The second most frequent genomic configuration of PspA is seen in Streptomycetales (~12% of genomes). In this order, the most frequently occurring proteins in the neighborhood are homologs of the two-component system LiaRS (Fig. 2, configuration #2) found in Firmicutes (see also Hutchings et al. 2004)). This two-component system might contribute to the transcriptional regulation of pspA in this actinobacterial system, presumably even when the liaRS homologs are expressed in the opposite orientation.
The third configuration, which is often seen with the second copy of PspA in Corynebacteriales, contains NYN/Trx (ribonuclease, thioredoxin; Fig. 2, configuration #3; ~13% occurrence). Given its restricted phyletic spread and the opposite orientation of the NYN-coding gene relative to the rest of the neighborhood, this genomic context is likely to have limited functional relevance. An even rarer configuration (Fig. 2, configuration #4; 6% occurrence) contains PspA near transmembrane proteins other than PspM; one example is Bifidobacterium. We also found genomic contexts in which PspA is located near proteins carrying transmembrane domains or HTH domains, suggesting that integral membrane partners or transcriptional regulators different from those previously reported may exist (data not shown).
Conservation and evolution of PspA in Actinobacteria
We next correlated the genomic neighborhood with the evolution of PspA. To do so, we performed a multiple sequence alignment of PspA homologs from ~450 actinobacterial genomes and used it to build a phylogenetic tree (Fig. 3). Each leaf corresponds to one PspA homolog per genome; thus, paralogs feature as separate leaves. In the tree, the mycobacterial and corynebacterial PspAs previously identified (Manganelli and Gennaro 2016; Datta et al. 2015) are part of the largest cluster (Fig. 3a, top, Corynebacteriales). We also observed that the extent of PspA sequence similarity correlated with the proximity of orders in the phylogenetic tree. For example, PspA sequences in closely related orders such as Corynebacteriales and Pseudonocardiales were similar (top cluster of the tree in Fig. 3). In contrast, the PspA sequences found in Coriobacteriia and Streptomycetales, which are located distantly from Corynebacteriales on the tree, were the most divergent from the mycobacterial PspA.
Another notable characteristic associated with PspA in Actinobacteria is the presence of paralogs in several orders, including Corynebacteriales, Frankiales, Micrococcales and Streptomycetales [Fig. 3, Table A1 (Datta et al. 2015; Vrancken et al. 2008; Manganelli and Gennaro 2016)]. The position of the paralogs on the tree have notable implications for their origin and functions. For example, the paralogs in Corynebacterium and Frankia are significantly dissimilar and occupy distant positions on the tree (Fig. 3a, C1/C2, F1/F2).

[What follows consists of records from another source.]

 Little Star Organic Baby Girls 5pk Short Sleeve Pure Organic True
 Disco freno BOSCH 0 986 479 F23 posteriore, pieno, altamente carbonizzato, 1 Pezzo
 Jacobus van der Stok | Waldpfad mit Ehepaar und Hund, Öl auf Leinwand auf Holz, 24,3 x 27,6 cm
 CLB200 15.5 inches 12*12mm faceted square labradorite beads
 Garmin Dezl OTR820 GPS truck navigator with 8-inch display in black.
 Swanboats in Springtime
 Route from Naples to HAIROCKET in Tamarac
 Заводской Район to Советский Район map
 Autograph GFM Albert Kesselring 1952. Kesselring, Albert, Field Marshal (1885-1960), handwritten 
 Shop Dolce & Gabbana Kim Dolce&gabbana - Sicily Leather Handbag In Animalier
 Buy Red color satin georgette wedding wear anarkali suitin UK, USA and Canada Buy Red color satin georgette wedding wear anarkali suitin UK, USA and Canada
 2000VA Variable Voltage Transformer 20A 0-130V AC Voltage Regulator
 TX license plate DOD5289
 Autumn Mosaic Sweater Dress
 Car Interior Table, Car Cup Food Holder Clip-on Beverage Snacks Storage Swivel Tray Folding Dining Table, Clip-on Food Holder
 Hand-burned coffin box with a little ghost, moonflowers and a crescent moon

In contrast, the PspA paralogs in Arthrobacter and Streptomyces are similar, as demonstrated by their membership to the same cluster in the tree (Fig. 3a, A1/A2, S1/S2). The closely clustering paralogs might have arisen from recent lineage-specific gene duplication whereas dissimilar paralogs may have resulted from lateral gene transfer events.
Next, we investigated the relationship between genomic context and evolution of PspA by overlaying genomic configurations on the PspA phylogenetic tree. The predominant PspA configuration (#1 in Fig. 2) is present in the largest cluster of PspA homologs (Fig. 3b, blue cluster corresponding to configuration #1 from Fig. 2). The contexts bearing NYN/Trx, the two-component system, or alternative membrane proteins/transcriptional regulators form smaller and less distinct groups (Fig. 3b, green, orange, and purple leaves, respectively). These analyses may provide insight about the functional evolution of PspA. For example, when two copies of PspA are present, as in Corynebacterium, they are part of two different genomic neighborhoods. One of them likely represents the envelope stress-response system. These results suggest that PspA paralogs embedded in different genomic neighborhood may be functionally different, even in the same organism.
In conclusion, several Psp proteins are prevalent in the phylum Actinobacteria, in addition to PspA. These include PspM and PspN (originally discovered in Mycobacteria), PspC (reported initially in Gammaproteobacteria) and the Lia proteins (studied in Firmicutes). The analysis of genomic neighborhoods shows that PspA occurs in four main contexts in Actinobacteria, with clgRpspAM being the predominant configuration. Moreover, our results indicate that PspA may have been adapted to alternative genomic contexts or derived via lateral transfer from other lineages. The analysis of PspA paralogs suggests that the second pspA copy may have been acquired by gene duplication or lateral transfer. In addition, since we find pspC orthologs in actinobacterial genomic contexts that do not contain pspA orthologs, it is possible that the PspC membrane domain may sense and respond to stress independently of PspA, as previously suggested (Kleine et al. 2017; Flores-Kim and Darwin 2015). Furthermore, the conservation of the Psp system across bacterial phyla—regardless of differences in envelope composition—may be explained by the consideration that PspA is an inner membrane protein, and biochemical differences in outer layers may not be relevant to the Psp function.
The results of the present study give rise to multiple questions. For example, how do different neighborhoods influence PspA function and/or determine its redundancy? What can be learned from the genomic contexts of the distinct variants of all other Psp members? How can evolutionary studies point to mechanisms by which Psp protein homologs express similar stress response functions? Are there functions of the Psp proteins that are independent from stress responses?
Methods
Query and subject selection
All known Psp members—PspA (from Escherichia coli, M. tuberculosis, two copies from Bacillus subtilis); PspM (Rv2743c) and PspN (Rv2742c) (from M. tuberculosis); PspB and PspC (from E. coli); LiaI, LiaG, and LiaF (from B. subtilis)—were queried against all sequenced actinobacterial genomes (~450 of a total of ~6500 completed bacterial genomes; NCBI NR database; Homologs listed in Table A1). This set of genomes contained representative sequences from all actinobacterial classes and orders, except Actinopolysporales and Jiangellales. The phyletic order (sequence) was obtained from NCBI taxonomy and PATRIC (Wattam et al. 2014).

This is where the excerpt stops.